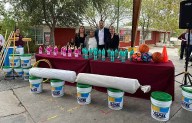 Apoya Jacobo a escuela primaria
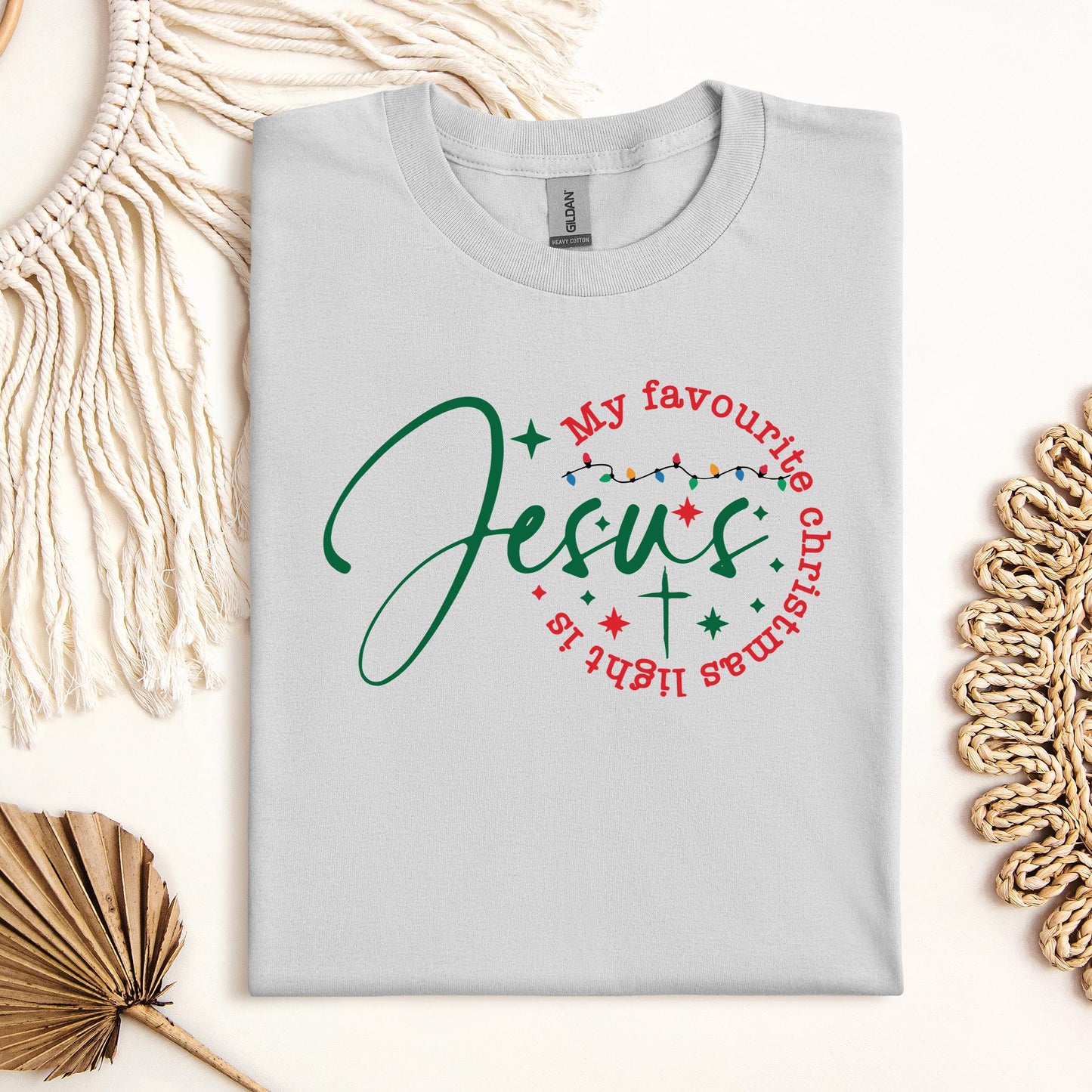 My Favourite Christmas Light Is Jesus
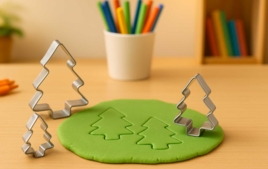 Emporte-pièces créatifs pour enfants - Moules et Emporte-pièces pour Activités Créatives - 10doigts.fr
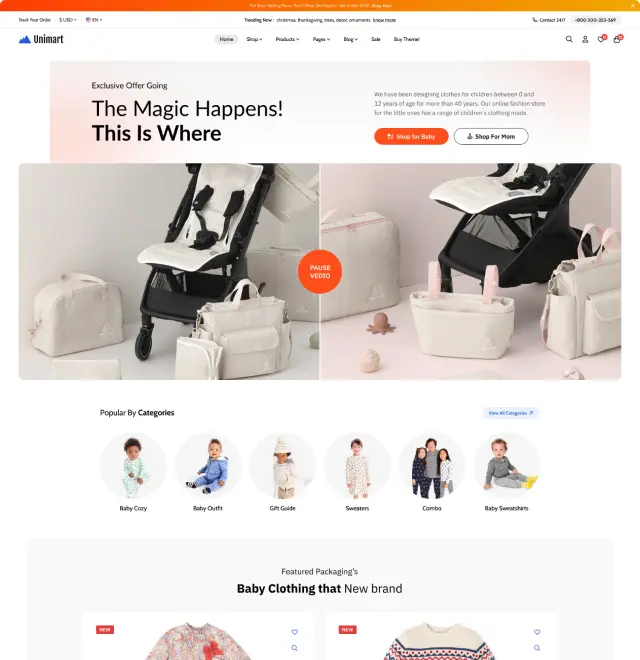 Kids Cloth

**What is needed:**
Leaving every picture out, repeat each line of the material exactly.

**Response to the task:**
 Apoya Jacobo a escuela primaria
 My Favourite Christmas Light Is Jesus
 Emporte-pièces créatifs pour enfants - Moules et Emporte-pièces pour Activités Créatives - 10doigts.fr
 Kids Cloth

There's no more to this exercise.